Today I’d like to talk about five mistakes you could be making that are slowing down your progress.

Mistake No. 1: Not Taking the Time to Recover

Taking the time to recover after exercise is crucial to progressively intensifying the intensity, volume, rep count or endurance of your workouts. If you missed my former post on Total Recovery,  I go into further detail about what to consider when healing your body.  When you don’t include rest days, you risk putting your body into a hyper-stressed state which can lead to depression, chronic fatigue, overuse-injuries and hormonal imbalances.

Recovery goes beyond taking a day off to catch up on that Netflix series you’ve heard so much about. Recovery includes proper sleep, nutrition, supplements (if needed), mental recharge and socializing with people you love most. 

Mistake No. 2: Holding Your Breathe

Surely I’m not the only one who has done this. You’re in the middle of an intense set, or perhaps running, doing yoga, jumping rope or swimming. And you start to feel that familiar burn in your chest. If you’re in a group class, or alongside a partner, you may hear the words, “Remember to breathe”. But if you’re solo? That burn in your chest will certainly remind you to inhale.

Learning how to utilize proper breathing techniques can and will affect your overall performance. If you find yourself having trouble with breathing deeply and evenly, take 5 minutes everyday to sit in solitude and just breath. Perhaps put on one of your favorite slow jams or instrumentals and work on even breathing. 

Mistake No. 3: Not Learning New Things

Martin Luther King Jr. famously said, ““Nothing in the world is more dangerous than sincere ignorance and conscientious stupidity”. There’s nothing wrong with admitting you don’t know.  Whether it’s proper form or technique, nutrition, recovery techniques or any other form of self-improvement, only good things come from taking the time to learn. Hop online. Open a book. Or talk to a knowledgeable source.  

Mistake No. 4: Buttermilk Hands

This is moreso related to my fellow weight lifters, but this can be applied to all athletes. Working on your grip strength helps tremendously with forearm muscularity, hand endurance and dexterity. Improved dexterity, which is defined as readiness and grace in physical activity with hands, is especially useful for musicians, and any profession that requires extended amounts of time at the keyboard. 

Those who have an interest in being outdoors will find grip strength absolutely critical. Rock climbing, rope climbing, pulling heavy objects, moving into a new home, lifting bags of fertilizer in the garden, paddling a canoe on the lake, hauling a large fish onto your boat…the list goes on. All of these activities require a respectable amount of grip strength to manage efficiently, and you do yourself a massive disservice by not improving this important muscle. If you’re interested in incorporating some effective exercises to improve your grip strength, check out this article by Built Lean

Mistake No. 5: Not Knowing Your Why

For some people, fitness is a means to accomplishing a temporary goal. Maybe you’re getting ready for vacation. Or a wedding. Perhaps you’re changing your lifestyle to get off medication. Or maybe you’re tired of the yo-yo and you’re ready to make a life long change. Whatever the reason, it doesn’t matter what anyone else thinks of it, this is YOUR why.

This fitness journey is not an easy one. If it was, everyone would be doing it and our country wouldn’t be facing an obesity epidemic. So whether you are in day 1 or day 1,000 of your fitness journey, you may find that motivation wanes several times. You will find yourself tempted to return to old habits. To throw in the towel when the going gets tough and results don’t come fast enough. It is during that moment, that you have to dig deeper and remind yourself of WHY you started in the first place.

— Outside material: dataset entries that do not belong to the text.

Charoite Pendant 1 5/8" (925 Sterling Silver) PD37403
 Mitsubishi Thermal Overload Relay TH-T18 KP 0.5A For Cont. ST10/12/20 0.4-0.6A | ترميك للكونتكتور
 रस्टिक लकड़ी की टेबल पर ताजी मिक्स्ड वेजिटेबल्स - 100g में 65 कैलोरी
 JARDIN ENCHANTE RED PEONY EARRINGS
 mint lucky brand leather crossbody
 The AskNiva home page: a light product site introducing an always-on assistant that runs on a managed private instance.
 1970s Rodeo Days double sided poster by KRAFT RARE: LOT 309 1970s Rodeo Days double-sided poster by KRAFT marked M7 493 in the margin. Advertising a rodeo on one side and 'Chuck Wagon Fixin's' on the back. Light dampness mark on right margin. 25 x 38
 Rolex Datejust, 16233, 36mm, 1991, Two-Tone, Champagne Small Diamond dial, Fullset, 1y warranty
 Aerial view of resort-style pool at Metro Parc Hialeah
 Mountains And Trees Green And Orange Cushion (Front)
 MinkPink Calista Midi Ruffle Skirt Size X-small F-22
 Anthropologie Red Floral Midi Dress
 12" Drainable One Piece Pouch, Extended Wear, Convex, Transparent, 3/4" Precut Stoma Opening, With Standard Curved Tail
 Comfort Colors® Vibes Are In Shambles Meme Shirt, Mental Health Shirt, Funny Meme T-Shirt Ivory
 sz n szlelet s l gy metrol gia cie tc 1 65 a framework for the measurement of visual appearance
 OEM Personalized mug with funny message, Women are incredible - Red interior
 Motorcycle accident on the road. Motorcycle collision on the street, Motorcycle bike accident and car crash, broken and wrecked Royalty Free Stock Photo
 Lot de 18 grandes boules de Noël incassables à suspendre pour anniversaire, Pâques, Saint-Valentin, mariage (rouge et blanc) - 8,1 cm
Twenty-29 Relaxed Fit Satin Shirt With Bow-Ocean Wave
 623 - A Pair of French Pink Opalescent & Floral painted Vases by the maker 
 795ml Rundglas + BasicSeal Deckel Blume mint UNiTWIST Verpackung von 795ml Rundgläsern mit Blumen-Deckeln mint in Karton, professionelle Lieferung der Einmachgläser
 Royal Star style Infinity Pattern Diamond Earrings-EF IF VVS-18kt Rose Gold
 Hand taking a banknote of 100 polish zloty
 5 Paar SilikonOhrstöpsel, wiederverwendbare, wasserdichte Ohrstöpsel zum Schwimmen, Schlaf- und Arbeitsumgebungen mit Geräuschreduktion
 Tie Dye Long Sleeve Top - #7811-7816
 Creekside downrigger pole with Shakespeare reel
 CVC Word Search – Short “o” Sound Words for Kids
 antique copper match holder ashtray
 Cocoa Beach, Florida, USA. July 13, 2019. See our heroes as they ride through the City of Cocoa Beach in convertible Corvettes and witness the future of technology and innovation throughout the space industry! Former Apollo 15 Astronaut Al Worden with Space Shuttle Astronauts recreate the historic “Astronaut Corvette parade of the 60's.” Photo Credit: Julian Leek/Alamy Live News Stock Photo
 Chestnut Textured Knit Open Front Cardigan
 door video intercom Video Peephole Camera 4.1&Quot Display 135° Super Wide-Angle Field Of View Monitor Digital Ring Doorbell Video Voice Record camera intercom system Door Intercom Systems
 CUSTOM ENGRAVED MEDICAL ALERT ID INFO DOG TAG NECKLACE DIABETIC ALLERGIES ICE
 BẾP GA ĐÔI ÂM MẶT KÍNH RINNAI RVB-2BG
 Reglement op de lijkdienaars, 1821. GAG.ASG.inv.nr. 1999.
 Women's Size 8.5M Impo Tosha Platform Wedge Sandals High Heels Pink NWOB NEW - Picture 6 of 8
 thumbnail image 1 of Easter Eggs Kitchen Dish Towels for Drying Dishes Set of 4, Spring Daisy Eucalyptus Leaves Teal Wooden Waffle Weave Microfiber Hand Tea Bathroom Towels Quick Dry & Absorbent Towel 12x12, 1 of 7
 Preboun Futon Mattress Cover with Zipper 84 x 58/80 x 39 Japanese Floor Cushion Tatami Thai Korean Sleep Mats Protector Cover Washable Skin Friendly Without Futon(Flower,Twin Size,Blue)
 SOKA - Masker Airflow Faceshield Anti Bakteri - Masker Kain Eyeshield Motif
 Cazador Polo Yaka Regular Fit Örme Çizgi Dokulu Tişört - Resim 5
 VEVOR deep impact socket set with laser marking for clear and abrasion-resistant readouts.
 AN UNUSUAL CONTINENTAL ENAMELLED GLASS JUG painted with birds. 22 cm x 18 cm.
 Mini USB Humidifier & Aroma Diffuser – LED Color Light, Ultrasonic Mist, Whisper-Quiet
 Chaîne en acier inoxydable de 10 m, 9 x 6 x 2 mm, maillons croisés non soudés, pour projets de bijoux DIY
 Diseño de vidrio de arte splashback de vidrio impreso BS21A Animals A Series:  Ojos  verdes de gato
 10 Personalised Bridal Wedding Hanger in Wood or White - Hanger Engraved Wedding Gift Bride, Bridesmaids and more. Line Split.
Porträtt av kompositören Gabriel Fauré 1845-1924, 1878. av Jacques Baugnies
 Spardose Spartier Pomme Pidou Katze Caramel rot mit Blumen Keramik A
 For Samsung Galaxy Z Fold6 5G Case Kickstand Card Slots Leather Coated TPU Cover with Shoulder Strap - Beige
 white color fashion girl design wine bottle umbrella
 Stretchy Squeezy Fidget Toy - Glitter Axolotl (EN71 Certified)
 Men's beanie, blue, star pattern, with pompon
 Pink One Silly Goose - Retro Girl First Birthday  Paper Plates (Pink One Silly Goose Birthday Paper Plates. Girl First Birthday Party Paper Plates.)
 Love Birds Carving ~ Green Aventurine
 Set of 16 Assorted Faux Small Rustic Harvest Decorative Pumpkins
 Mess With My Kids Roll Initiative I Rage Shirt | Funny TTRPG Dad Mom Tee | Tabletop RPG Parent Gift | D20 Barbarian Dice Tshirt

That’s my five minutes for the day.
With love, and GAINS.

Today’s Random Nugget. In the year 1987, United Airlines saved $40,000 by removing ONE olive from salads served to first class customers.

1 Comment
  • Derek W.
    July 9, 2018 at 9:34 pm

    I love your writing style, it has been so interesting to read and follow your great coversational writing skills. I truly feel like I am having a conversation with you as I read along!